Given records:
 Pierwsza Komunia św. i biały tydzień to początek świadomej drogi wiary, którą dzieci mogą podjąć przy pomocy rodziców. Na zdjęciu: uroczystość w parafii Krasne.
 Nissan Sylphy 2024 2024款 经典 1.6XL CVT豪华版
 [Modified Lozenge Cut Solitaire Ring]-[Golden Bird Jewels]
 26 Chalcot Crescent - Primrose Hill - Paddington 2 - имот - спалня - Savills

...

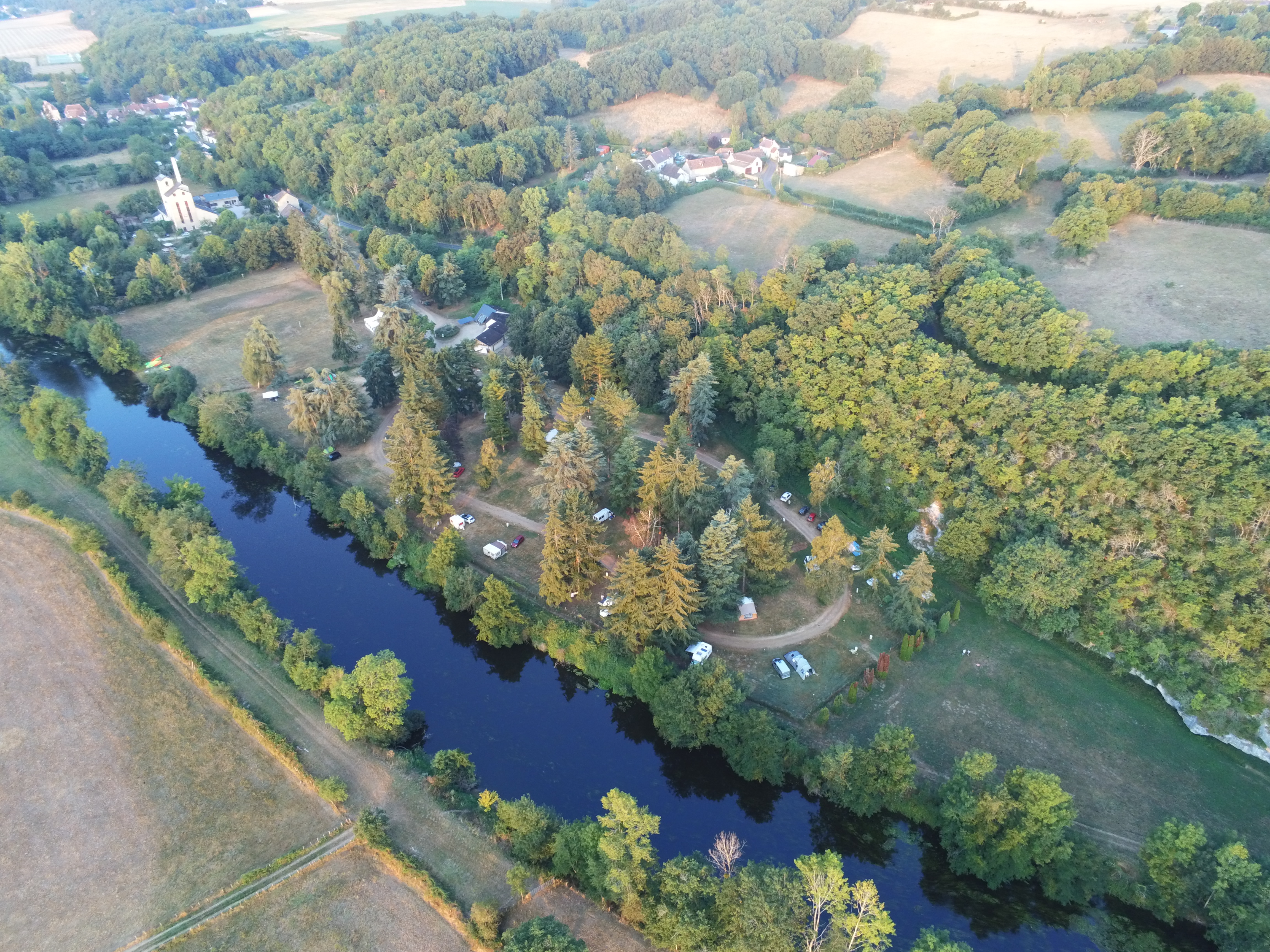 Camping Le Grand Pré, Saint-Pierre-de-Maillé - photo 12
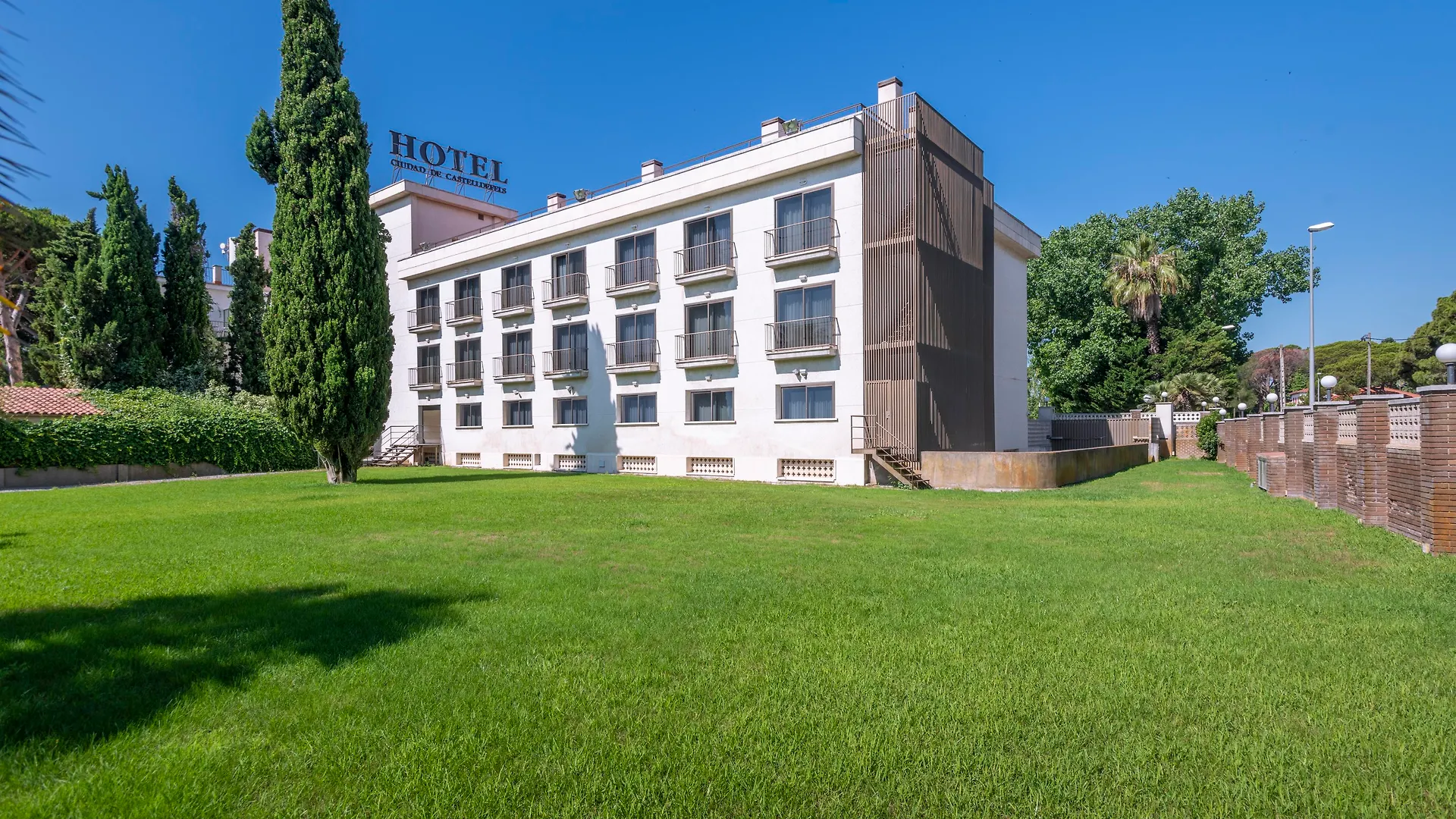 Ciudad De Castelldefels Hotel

...

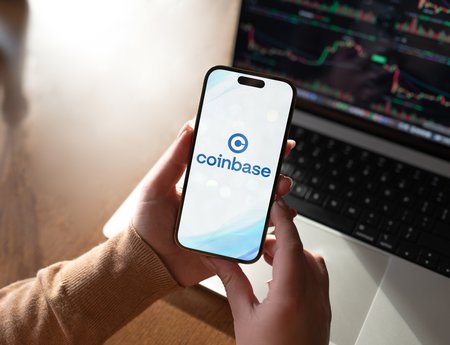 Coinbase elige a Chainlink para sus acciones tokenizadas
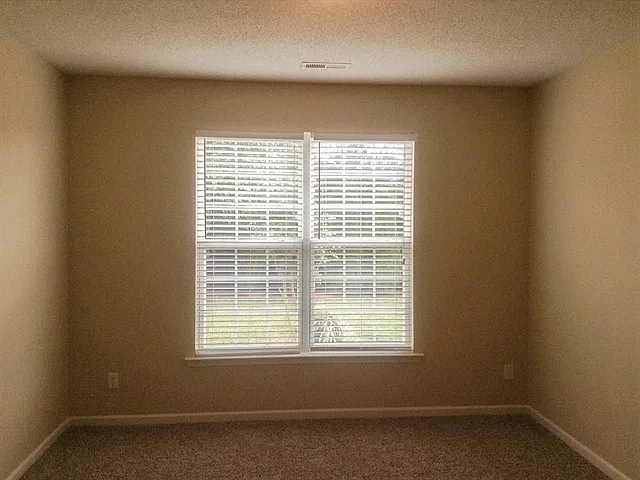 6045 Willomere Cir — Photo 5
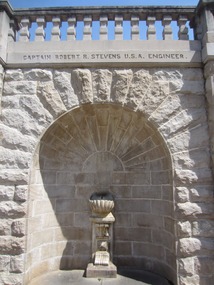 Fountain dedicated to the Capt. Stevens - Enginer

Your goal:
Starting at the line that contains "Pierwsza Komunia św." and stopping after the line that contains "26 Chalcot Crescent", write out every line exactly as it appears above, and no other line.

Response to this exercise:
 Pierwsza Komunia św. i biały tydzień to początek świadomej drogi wiary, którą dzieci mogą podjąć przy pomocy rodziców. Na zdjęciu: uroczystość w parafii Krasne.
 Nissan Sylphy 2024 2024款 经典 1.6XL CVT豪华版
 [Modified Lozenge Cut Solitaire Ring]-[Golden Bird Jewels]
 26 Chalcot Crescent - Primrose Hill - Paddington 2 - имот - спалня - Savills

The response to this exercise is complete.